But trusteth well, I am a Southern man,
I can not geste—rum, ram, ruf—by lettre.
And most of the poems in the alliterative revival belong to the north and to the northwest Midlands. While one of the most important—Piers Plowman—has its origin in the west Midlands, we may think of the alliterative revival as occurring in the north and more particularly the northwest of England.
Three of the earliest poems in the revival, Alexander A, Alexander B, and William of Palerne, have already been discussed in the chapters on the romance. There we have likewise treated other later romances in alliterative verse, such as The Wars of Alexander, The Destruction of Troy, the Morte Arthure, and the religious romance The Destruction of Jerusalem. It is not practicable to include them again here, where as part of the alliterative movement they would be fully entitled to a place. (NOTE 1) We shall have to be content with this brief reference, and confine ourselves in this and the following chapter to the other classes of alliterative poetry. In the present chapter we shall treat the works of the Pearl poet and one or two poems in some ways related to his. In the chapter which follows we shall consider a group of poems concerned with social and ethical questions, of which the most important is the great social document Piers Plowman.
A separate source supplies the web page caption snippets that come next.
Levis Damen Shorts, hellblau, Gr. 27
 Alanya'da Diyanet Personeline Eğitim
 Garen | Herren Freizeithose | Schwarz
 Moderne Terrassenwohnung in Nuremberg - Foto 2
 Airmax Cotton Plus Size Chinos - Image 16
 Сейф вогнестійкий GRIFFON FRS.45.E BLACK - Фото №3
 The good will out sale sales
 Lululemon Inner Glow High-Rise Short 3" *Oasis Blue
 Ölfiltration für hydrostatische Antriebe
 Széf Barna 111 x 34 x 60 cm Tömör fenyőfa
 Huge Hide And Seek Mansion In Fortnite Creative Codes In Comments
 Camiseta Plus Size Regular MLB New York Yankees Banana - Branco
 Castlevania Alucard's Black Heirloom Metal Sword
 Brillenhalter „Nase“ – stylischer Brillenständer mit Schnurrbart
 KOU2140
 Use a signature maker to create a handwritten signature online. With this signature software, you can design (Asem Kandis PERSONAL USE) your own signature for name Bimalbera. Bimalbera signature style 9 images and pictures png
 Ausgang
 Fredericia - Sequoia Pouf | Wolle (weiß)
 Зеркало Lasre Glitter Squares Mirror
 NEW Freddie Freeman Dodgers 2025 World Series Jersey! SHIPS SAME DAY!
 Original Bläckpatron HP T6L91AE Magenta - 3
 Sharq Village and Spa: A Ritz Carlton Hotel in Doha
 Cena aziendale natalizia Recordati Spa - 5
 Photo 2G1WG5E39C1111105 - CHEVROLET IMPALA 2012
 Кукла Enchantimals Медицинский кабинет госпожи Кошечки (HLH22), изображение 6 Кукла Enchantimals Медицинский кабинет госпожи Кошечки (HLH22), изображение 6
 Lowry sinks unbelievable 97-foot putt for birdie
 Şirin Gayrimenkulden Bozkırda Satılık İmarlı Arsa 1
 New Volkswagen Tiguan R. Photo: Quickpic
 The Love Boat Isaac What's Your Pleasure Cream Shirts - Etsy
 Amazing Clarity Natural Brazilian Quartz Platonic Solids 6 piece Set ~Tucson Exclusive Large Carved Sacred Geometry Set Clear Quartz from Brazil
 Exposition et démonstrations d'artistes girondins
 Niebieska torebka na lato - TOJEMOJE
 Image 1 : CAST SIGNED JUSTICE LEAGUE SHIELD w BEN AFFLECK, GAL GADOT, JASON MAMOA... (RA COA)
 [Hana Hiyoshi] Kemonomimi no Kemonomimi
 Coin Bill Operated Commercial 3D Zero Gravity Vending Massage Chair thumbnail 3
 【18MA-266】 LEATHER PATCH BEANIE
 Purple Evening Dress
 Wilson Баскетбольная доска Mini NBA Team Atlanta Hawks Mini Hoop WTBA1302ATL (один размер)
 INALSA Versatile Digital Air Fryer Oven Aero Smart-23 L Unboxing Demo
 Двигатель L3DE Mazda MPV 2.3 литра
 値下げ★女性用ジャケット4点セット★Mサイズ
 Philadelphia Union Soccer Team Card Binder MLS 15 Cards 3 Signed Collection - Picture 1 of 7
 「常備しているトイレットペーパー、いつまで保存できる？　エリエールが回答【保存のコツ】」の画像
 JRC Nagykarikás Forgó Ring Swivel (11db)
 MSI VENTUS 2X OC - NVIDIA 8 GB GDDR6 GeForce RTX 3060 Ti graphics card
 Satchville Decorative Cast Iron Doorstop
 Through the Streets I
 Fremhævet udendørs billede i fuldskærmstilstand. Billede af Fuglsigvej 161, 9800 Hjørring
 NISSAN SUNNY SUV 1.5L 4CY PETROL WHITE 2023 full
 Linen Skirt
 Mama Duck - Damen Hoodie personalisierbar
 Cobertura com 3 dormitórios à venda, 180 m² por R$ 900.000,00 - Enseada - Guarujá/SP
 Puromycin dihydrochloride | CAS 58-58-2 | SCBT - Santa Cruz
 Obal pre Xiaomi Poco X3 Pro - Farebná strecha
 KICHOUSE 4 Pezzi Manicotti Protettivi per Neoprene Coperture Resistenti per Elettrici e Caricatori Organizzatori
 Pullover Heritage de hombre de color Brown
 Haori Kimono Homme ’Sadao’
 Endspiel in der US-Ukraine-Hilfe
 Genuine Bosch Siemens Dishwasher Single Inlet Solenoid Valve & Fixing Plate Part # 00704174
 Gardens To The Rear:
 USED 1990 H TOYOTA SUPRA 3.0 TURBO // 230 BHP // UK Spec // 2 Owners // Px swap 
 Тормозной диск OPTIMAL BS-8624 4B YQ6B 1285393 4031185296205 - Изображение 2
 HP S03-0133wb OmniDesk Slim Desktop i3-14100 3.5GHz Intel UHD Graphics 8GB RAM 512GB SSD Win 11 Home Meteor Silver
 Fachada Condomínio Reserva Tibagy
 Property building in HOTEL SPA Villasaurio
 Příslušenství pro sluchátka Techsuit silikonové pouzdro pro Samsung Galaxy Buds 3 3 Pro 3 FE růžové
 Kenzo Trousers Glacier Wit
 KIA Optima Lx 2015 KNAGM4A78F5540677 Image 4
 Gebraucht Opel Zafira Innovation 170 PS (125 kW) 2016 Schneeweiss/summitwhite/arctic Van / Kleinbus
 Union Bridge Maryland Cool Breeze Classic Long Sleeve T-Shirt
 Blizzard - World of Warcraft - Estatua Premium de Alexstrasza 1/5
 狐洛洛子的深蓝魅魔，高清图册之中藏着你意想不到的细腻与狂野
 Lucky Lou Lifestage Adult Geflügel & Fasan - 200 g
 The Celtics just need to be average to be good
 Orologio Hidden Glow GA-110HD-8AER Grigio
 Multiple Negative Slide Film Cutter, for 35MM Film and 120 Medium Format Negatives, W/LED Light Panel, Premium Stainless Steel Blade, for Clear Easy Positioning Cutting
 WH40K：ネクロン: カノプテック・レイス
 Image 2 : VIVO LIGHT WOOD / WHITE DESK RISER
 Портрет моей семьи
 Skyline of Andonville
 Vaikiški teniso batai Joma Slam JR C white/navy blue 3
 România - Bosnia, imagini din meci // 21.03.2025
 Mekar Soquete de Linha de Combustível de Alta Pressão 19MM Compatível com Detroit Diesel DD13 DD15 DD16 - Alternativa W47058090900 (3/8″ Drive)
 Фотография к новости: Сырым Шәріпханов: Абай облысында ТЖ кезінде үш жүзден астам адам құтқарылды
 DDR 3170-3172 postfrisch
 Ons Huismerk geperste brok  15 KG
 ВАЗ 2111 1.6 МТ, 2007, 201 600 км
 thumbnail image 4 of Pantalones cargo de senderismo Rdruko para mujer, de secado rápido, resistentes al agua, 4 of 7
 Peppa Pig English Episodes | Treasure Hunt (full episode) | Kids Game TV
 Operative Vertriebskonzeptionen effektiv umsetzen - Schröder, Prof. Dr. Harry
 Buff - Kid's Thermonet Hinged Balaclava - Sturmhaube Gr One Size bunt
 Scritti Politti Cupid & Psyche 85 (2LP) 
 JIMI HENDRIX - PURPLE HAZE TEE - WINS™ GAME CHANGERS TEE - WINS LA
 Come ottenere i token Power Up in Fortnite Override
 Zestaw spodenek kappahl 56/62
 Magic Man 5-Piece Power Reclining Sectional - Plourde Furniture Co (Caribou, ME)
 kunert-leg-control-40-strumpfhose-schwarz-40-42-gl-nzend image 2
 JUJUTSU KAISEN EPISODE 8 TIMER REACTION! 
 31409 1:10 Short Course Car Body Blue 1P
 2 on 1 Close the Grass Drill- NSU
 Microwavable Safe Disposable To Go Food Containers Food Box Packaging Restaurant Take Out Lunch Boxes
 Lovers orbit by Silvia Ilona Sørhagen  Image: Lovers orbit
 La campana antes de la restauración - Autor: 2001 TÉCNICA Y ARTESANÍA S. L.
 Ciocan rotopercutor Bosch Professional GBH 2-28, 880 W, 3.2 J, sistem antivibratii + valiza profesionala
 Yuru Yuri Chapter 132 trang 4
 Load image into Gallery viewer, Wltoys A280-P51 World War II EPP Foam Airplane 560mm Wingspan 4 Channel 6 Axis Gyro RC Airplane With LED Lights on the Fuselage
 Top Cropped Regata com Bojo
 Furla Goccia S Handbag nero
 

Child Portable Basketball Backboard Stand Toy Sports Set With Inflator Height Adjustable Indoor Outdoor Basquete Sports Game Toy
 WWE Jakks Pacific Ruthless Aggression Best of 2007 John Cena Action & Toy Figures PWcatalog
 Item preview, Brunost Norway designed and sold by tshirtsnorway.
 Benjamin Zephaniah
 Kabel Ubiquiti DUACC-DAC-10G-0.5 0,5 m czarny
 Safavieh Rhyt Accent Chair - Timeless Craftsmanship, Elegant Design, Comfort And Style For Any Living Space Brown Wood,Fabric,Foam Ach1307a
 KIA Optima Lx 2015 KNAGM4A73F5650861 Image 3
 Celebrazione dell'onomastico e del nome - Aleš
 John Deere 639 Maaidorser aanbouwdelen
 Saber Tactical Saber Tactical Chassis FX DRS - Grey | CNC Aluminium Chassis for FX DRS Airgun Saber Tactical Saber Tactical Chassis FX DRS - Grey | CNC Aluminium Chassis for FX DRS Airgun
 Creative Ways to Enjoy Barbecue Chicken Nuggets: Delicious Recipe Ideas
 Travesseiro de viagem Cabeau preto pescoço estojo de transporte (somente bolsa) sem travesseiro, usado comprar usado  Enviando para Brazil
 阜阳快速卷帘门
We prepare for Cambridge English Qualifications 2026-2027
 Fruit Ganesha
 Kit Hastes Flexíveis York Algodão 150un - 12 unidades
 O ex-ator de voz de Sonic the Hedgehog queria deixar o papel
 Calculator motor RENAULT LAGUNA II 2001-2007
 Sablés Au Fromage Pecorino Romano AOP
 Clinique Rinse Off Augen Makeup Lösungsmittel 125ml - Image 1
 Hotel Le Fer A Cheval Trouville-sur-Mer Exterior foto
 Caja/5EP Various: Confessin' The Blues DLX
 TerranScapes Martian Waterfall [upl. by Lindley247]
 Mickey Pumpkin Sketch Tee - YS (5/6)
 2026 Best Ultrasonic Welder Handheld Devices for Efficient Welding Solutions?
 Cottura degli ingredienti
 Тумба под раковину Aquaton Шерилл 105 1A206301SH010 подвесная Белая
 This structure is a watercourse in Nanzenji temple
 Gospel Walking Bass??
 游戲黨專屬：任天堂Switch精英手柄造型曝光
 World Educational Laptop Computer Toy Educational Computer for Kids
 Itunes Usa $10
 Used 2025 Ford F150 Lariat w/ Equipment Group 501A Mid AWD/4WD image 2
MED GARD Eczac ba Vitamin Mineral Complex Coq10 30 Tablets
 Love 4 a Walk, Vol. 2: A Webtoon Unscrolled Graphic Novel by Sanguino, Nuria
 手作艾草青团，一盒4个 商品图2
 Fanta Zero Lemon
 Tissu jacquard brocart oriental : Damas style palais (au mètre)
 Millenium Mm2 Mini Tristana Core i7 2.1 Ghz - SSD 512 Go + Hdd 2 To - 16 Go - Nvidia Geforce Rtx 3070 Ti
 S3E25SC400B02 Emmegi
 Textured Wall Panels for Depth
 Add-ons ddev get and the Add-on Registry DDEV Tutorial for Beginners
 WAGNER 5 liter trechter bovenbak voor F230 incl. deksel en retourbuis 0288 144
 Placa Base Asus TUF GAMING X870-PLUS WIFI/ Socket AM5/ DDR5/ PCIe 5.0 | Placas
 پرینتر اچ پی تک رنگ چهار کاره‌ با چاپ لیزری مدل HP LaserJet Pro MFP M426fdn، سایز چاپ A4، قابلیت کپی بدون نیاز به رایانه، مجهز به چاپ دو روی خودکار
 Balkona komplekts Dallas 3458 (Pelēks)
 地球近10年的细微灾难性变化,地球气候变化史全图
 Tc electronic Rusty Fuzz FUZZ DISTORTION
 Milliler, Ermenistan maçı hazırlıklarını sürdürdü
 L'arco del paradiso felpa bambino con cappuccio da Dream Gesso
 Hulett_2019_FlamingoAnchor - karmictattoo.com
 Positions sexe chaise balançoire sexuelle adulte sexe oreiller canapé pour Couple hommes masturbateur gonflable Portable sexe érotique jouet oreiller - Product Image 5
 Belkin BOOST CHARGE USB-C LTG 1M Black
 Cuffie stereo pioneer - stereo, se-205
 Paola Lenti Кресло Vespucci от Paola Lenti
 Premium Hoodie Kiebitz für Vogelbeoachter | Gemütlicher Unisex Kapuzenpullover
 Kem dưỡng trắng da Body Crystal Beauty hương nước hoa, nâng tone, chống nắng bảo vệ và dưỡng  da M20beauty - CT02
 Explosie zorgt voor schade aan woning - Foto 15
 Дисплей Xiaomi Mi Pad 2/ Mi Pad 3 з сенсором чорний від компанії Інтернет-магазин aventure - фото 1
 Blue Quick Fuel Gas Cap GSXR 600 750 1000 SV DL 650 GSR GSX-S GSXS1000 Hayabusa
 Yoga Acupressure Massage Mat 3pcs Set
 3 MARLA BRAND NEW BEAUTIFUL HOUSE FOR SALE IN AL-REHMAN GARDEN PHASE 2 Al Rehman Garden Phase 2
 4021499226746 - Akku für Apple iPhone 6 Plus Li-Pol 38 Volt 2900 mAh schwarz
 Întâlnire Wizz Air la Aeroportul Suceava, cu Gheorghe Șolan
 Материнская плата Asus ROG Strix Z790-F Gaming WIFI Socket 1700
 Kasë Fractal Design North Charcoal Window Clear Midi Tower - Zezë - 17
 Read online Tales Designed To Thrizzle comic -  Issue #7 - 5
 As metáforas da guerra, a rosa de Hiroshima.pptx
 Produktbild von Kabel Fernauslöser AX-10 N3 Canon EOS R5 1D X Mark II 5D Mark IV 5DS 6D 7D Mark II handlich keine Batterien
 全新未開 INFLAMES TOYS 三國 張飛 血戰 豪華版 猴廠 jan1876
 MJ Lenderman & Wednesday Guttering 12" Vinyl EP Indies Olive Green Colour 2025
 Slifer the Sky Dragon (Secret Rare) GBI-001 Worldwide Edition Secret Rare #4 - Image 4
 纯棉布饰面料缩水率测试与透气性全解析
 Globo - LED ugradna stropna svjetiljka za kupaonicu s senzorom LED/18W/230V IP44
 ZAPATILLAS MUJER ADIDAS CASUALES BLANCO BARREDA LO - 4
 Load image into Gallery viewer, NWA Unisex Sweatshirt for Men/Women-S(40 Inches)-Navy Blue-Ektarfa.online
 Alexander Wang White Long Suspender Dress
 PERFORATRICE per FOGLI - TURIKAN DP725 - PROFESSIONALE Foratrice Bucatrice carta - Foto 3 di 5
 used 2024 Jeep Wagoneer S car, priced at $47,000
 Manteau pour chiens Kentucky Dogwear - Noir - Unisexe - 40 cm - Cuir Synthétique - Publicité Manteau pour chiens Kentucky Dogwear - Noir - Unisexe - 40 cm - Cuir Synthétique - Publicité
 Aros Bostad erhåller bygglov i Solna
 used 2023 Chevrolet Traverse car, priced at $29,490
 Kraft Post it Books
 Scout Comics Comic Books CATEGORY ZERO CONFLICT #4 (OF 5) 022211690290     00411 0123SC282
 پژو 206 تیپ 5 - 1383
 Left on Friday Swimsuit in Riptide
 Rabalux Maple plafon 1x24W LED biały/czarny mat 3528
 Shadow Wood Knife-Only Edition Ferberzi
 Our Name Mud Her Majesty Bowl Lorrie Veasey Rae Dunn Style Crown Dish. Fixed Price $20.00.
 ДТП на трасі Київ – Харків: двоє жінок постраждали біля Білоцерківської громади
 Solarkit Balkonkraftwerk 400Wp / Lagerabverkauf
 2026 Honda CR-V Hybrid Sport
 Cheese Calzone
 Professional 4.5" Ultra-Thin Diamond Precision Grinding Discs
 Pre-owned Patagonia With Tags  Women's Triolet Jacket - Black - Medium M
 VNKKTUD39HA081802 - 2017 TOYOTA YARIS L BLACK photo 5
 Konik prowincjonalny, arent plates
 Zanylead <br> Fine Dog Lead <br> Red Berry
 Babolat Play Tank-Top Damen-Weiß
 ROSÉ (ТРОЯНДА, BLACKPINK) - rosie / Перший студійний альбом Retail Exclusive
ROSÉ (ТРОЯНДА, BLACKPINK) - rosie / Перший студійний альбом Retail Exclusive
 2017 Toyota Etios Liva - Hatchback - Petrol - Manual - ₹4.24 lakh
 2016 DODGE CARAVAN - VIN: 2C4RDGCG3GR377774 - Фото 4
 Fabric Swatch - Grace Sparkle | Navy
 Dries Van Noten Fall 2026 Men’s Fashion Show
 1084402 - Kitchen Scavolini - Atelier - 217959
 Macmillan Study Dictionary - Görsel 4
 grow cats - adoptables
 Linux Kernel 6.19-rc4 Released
NOTE 1: See above, pp. 182 ff. On the later alliterative movement in Scotland see Sir William Craigie, "The Scottish Alliterative Poems," Proc. Brit. Acad. xxviii (1942): 217-236.
The Pearl Poet
Of the many unique manuscripts gathered together in the seventeenth century by the famous antiquary Sir Robert Cotton, among which are the Beowulf codex, the two texts of Layamon's Brut, the Ludus Coventriae and others less famous, one is a modest quarto volume known as Nero A. X. (NOTE 2). The contents consist of four alliterative poems in a hand of the end of the fourteenth century. Acoompanying the text are twelve illustrations of quite crude workmanship depicing episodes in some of the poems. None of the texts is accompanied by any title, but they have been named, in the order of their occurrence in the manuscript, the Pearl, Purity (or Cleanness), Patience, and Sir Gawain and the Green Knight.
NOTE 2. It is reproduced in facsimile in EETS, 162 [Early English Text Society series].
The Pearl (NOTE 3) is not only first in the manuscript but shares with the Gawain the first place in the interest of modern readers. In a hundred stanzas of twelve lines each (NOTE 4), ingeniously linked in groups of five by repetition and a refrain, the poet tells how a lovely pearl, smooth and white, slipped from his hands into the grass and was lost in the ground. In his grief he often visits the spot which covers his pearl, and one August day, lulled by the fragance of herbs and flowers, he falls asleep on the little mound. There as he slumbers he dreams that he is in another world, a world of crystal cliffs, bright woods, and strands pebbled with precious stones. Such sights make him forget his grief, and he wanders about in sheer delight. Finally he comes upon a stream, clear and sparkling, beyond which he thinks must be Paradise. It is backed by a crystal cliff, at the foot of which sits a child—
A gracious maiden full debonaire;
Glistening white was her robe:
I knew her well; I had seen her before.
NOTE 3. Edited by Richard Morris (2ed, 1869; EETS, I). Sir Israel Gollancz (1891; 1921) and Charles C. Osgood (1906; Belles-Lettres Ser.). A translation is included in Gollancz's edition, and there are modern renderings by G. G. Coulton (1907), Osgood (1907), Sophe Jewett (1908), and Stanley P. Chase (1932).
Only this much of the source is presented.